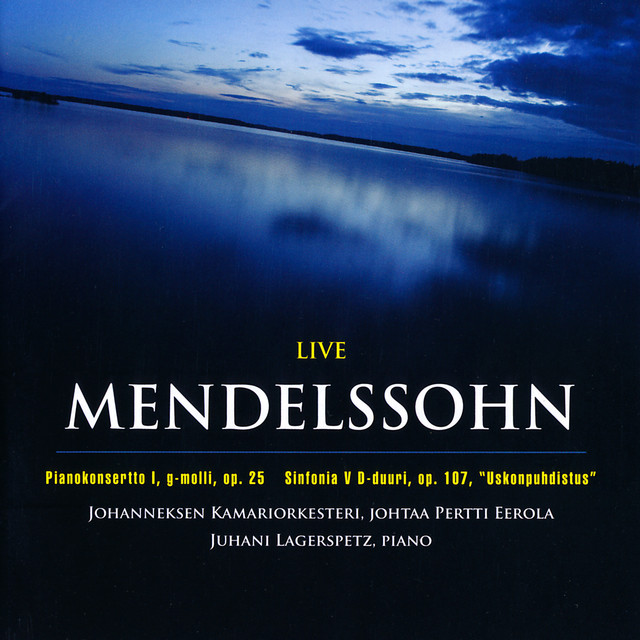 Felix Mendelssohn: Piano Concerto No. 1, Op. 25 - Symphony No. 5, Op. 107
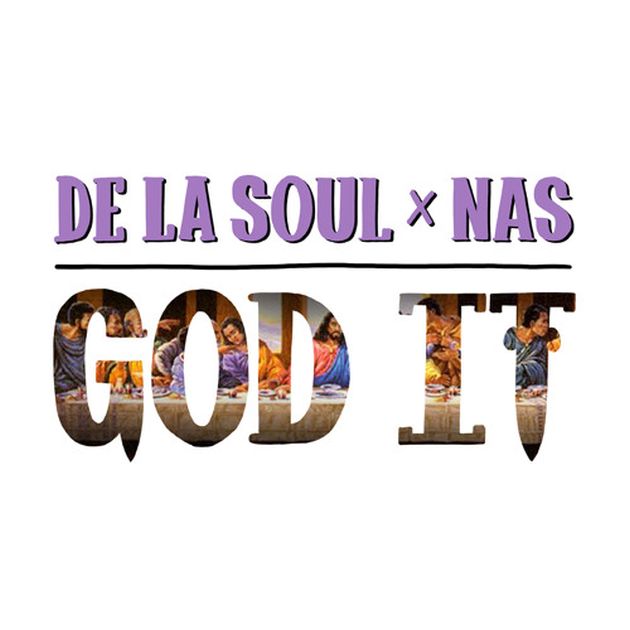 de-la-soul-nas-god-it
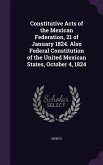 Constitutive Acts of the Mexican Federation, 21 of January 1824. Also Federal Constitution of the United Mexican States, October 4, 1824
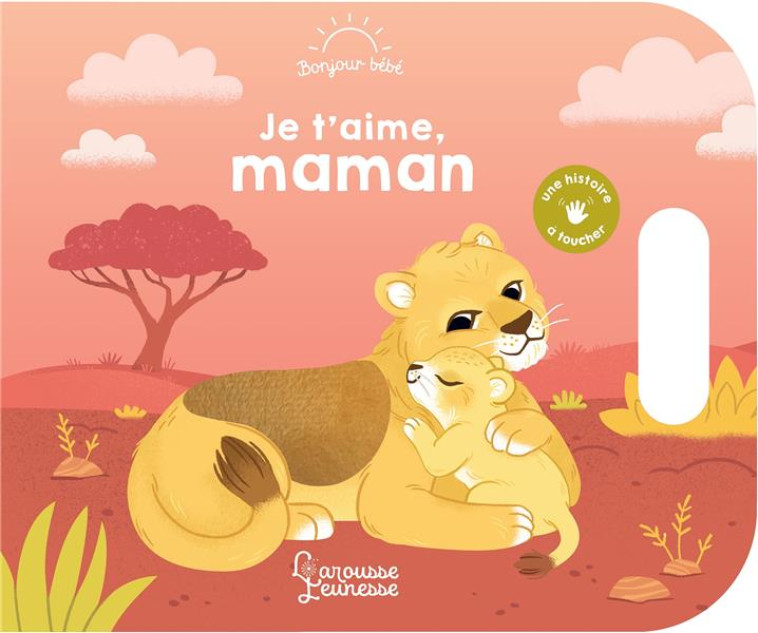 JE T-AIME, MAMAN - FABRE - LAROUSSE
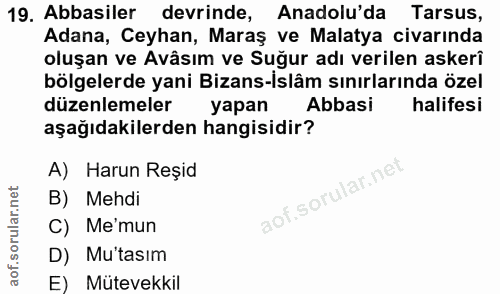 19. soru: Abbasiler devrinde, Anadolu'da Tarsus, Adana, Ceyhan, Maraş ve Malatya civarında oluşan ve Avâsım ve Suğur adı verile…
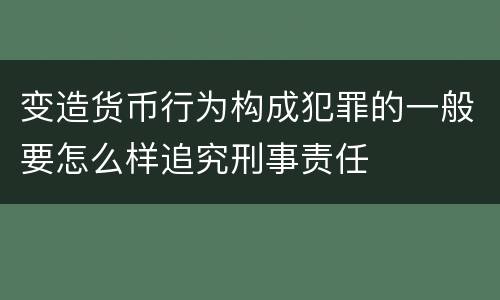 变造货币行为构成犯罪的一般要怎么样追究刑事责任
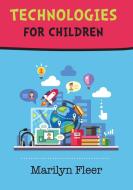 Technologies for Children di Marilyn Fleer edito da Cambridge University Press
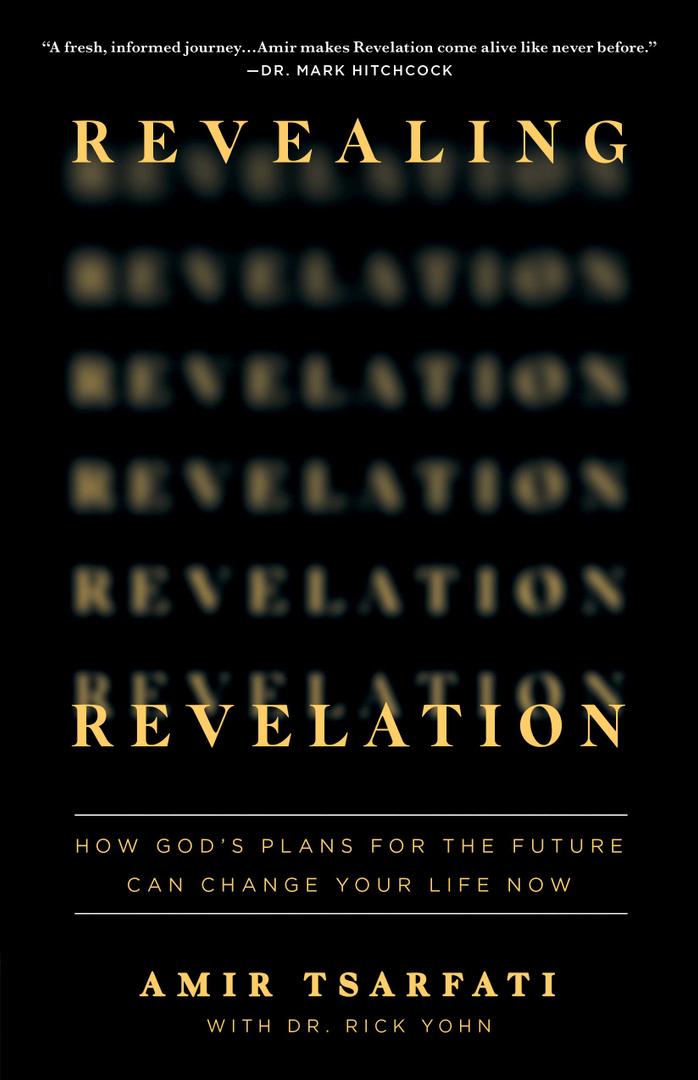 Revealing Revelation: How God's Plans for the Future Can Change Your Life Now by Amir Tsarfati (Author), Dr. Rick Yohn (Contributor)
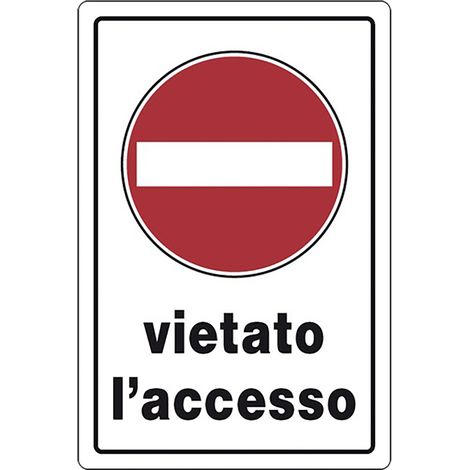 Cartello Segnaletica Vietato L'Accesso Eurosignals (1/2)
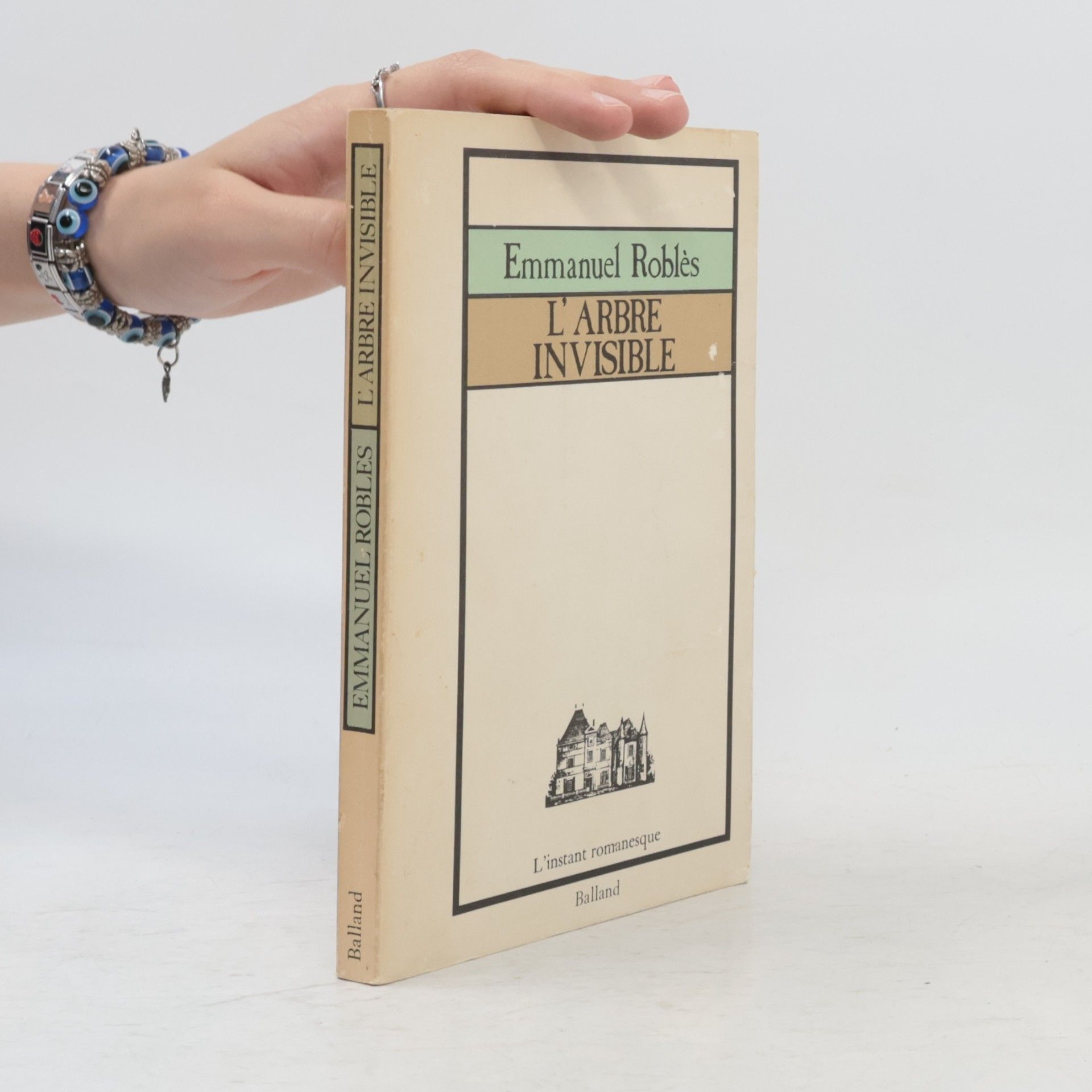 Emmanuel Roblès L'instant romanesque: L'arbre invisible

##############################

Extract, word for word, each line from the one that contains "19. soru: Abbasiler" through the final line of the data above. Leave the pictures out.

 19. soru: Abbasiler devrinde, Anadolu'da Tarsus, Adana, Ceyhan, Maraş ve Malatya civarında oluşan ve Avâsım ve Suğur adı verile…
 变造货币行为构成犯罪的一般要怎么样追究刑事责任
 Technologies for Children di Marilyn Fleer edito da Cambridge University Press
 Revealing Revelation: How God's Plans for the Future Can Change Your Life Now by Amir Tsarfati (Author), Dr. Rick Yohn (Contributor)
 Cartello Segnaletica Vietato L'Accesso Eurosignals (1/2)
 Emmanuel Roblès L'instant romanesque: L'arbre invisible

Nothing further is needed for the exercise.